Mr Wilson was particularly critical of air-traffic control organisations in Germany and France for delays to overflights. Almost all flights from the UK to Portugal, Spain and Italy overfly French airspace, while routings to Croatia, Greece and Turkey cross Germany.

“The Germans and the French need to hire more people so we can all get on our way this summer,” he said.

“That’s the ‘roundabout in the sky’ that everyone from Ireland and the UK has got to get through, to get to Spain, to get to Portugal and to get to Italy.”

“There are 15 per cent fewer flights and there are 20 per cent more delays this summer because of air-traffic control capacity.

“Even airlines that are organised, like Ryanair, that have everybody on the plane, everybody with their bags – they are waiting unnecessarily on runways to get departure clearance.

“That means that days are longer for our crews and it’s much harder to organise.

“Those airlines that don’t have enough staff – they end up having even more problems and unplanned cancellations.

“But if we could sort out ATC, that would give airlines a fighting chance.”

Mr Wilson said that operational crises of the sort that might affect aviation every few weeks are now daily occurrences in Europe

“We would normally have a 90 per cent plus record here, sometimes 95 per cent,” he said.

“This summer it has been at 60 per cent.
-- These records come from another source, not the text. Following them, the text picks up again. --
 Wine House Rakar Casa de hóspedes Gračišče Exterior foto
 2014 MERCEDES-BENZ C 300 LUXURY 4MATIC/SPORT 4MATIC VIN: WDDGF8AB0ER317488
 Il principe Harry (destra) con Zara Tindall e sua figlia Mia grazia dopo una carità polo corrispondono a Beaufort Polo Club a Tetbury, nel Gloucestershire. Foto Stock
That’s a huge drop.”

Budget airlines succeed by extracting high productivity from aircraft. They typically schedule a plane to operate two round-trips with a minimal “turn” of 25 or 30 minutes between them, followed by a “firebreak” of perhaps 45 minutes to recover lost time before another four flights.
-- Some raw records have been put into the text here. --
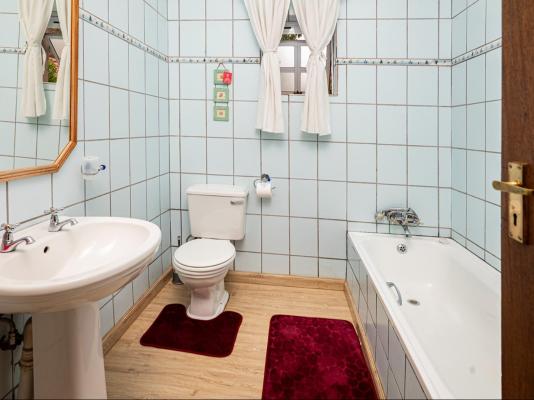 Room image 23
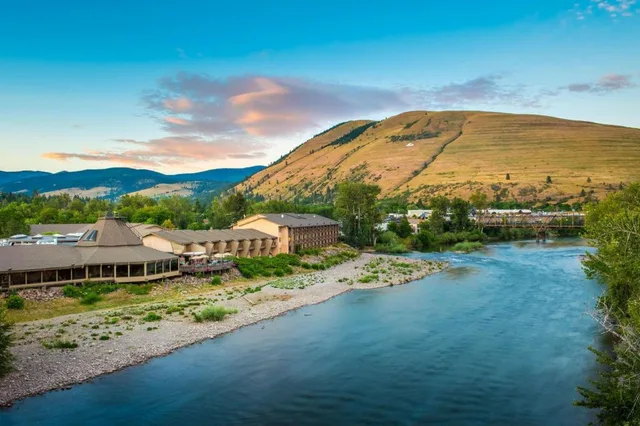 غرفة بسرير كينج بإطلالة على النهر لذوي الإعاقة، Edgewater Missoula, Tapestry Collection by Hilton 1/1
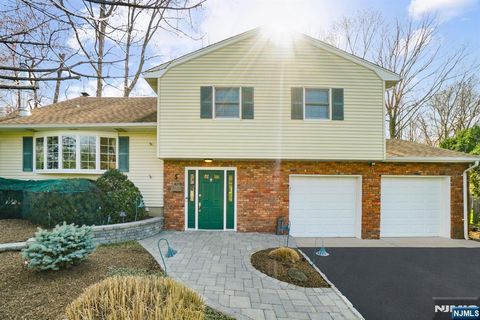 5 Sloping Hill Lane Montvale NJ 07645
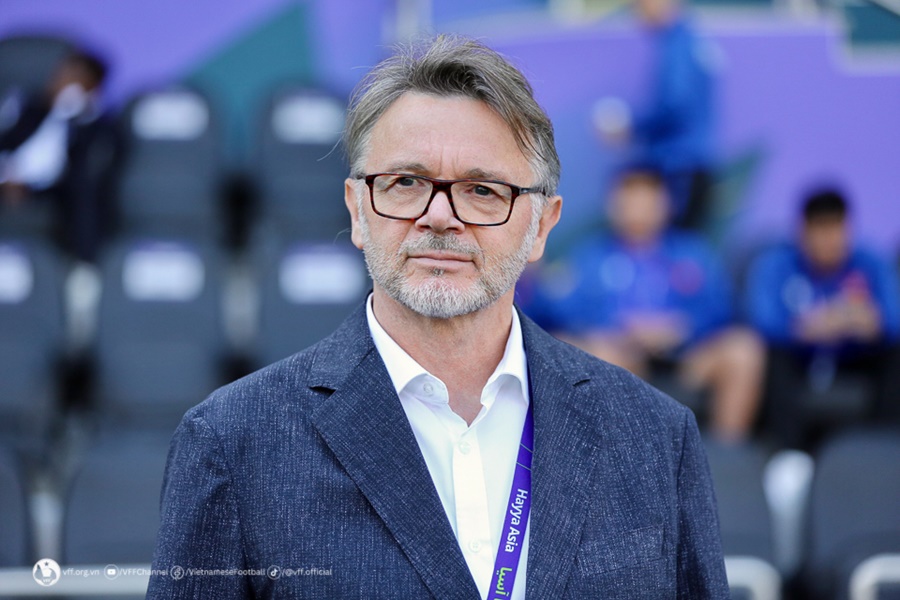 HLV Troussier họp đội, trút bầu tâm sự với các cầu thủ trước ngày chia tay tuyển Việt Nam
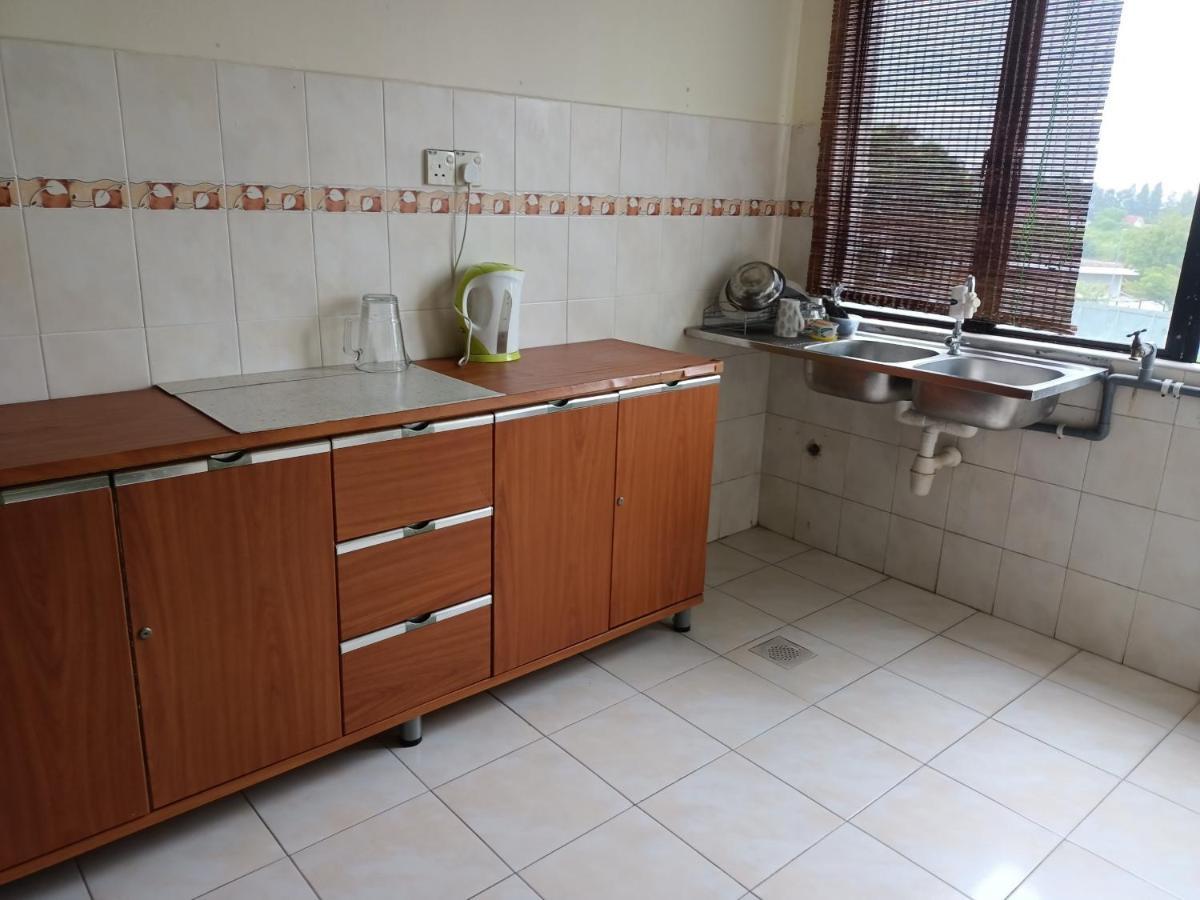 Oyo Home 90419 Sahar Guesthouse Malacca 外观 照片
Delays build up during the day. One example is the Wednesday evening Ryanair flight from Stansted to Cologne. It is scheduled to arrive at 11.20pm, but the last time it was on schedule was on 22 June. Since then the average delay has been one hour.

Crew finishing shifts late can also have a knock-on effect on future scheduling.

The Ryanair boss said air-traffic control delays are causing environmental harm by keeping aircraft on the ground with their engines running waiting for permission to take off.

He predicted: “It’s going to continue into next summer unless the German and the French governments adequately resource their ATC facilities.

“It is the infrastructure and it needs to be fixed.”

A spokesperson for the German air-traffic control provider, Deutsche Flugsicherung (DFS), rejected the criticism, saying: “DFS’s infrastructure must be fully available even with minimal traffic.

“Therefore, no staff was reduced during the crisis, but further recruited, especially young air traffic controllers.

“Around 100 young people started their air traffic controller training at DFS in each of the crisis years 2020 and 2021.

“In 2022 and the following years, we plan to hire around 140 new employees to start their training each year. Air traffic controllers need about four years to finish their training and we want to be well prepared for the future.”

The Independent has approached the French air-traffic control provider, the DSNA, for comment.